» TASK PROMPT:
Would you repeat the listing below exactly, with no pictures in it?

» INPUT DATA:

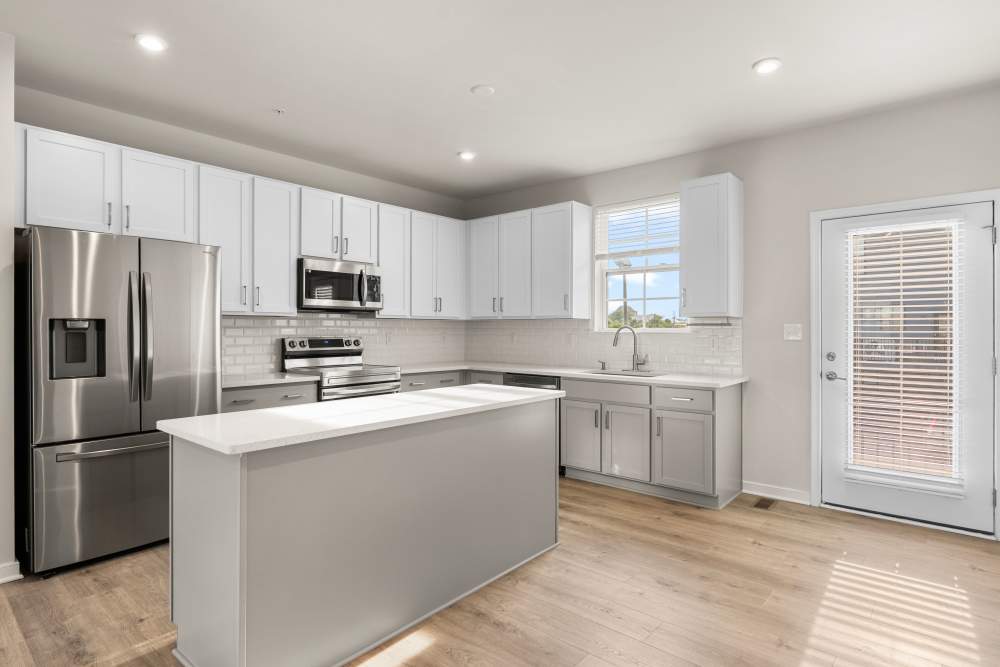 Townhome kitchen with stainless steel appliances at The Westbrook at Brewer's Row in Richmond, Virginia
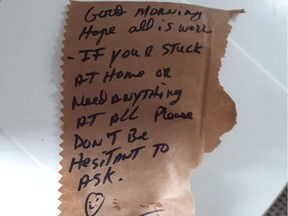 A Gazette carrier left a note offering help along with the morning paper at a home in Pierrefonds during the COVID-19 crisis. Photo courtesy of Debbie Brown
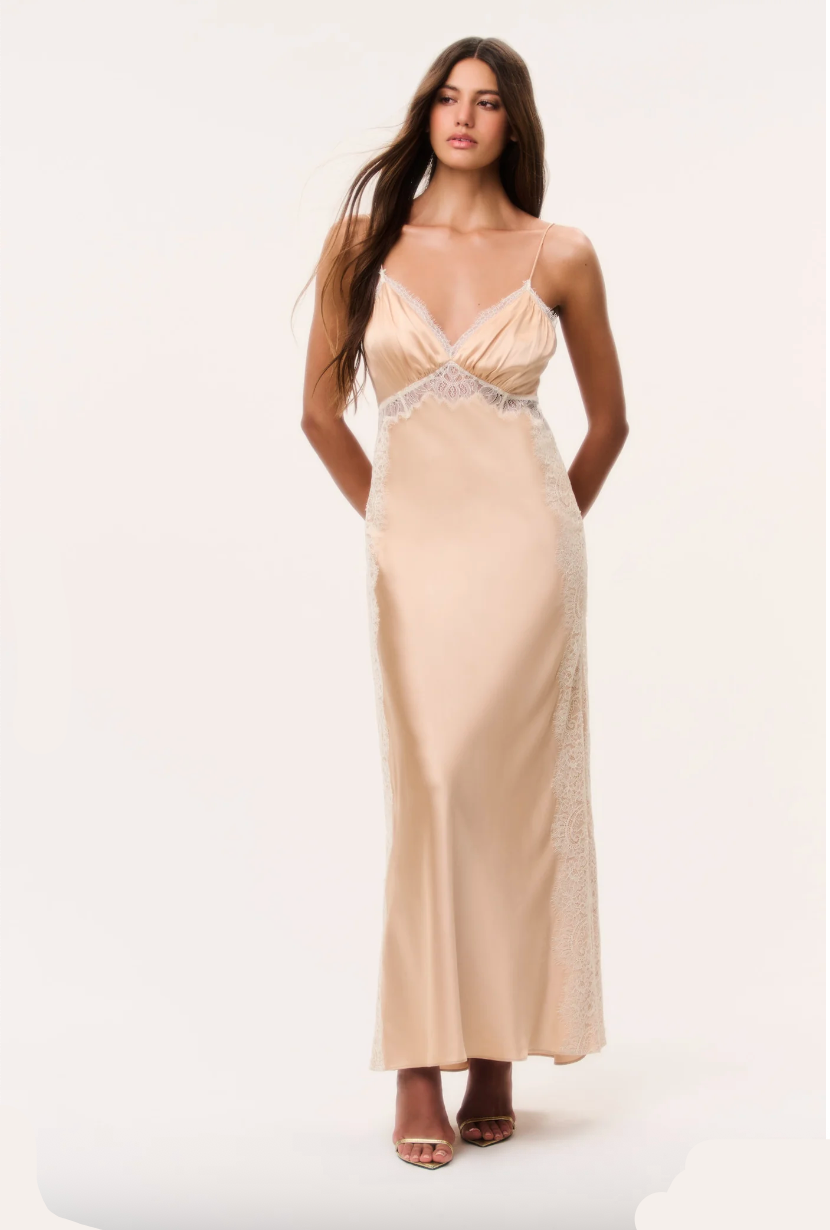 Woman in pale gold silky maxi dress with spaghetti straps on a plain background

» WRITTEN RESPONSE:
 Townhome kitchen with stainless steel appliances at The Westbrook at Brewer's Row in Richmond, Virginia
 A Gazette carrier left a note offering help along with the morning paper at a home in Pierrefonds during the COVID-19 crisis. Photo courtesy of Debbie Brown
 Woman in pale gold silky maxi dress with spaghetti straps on a plain background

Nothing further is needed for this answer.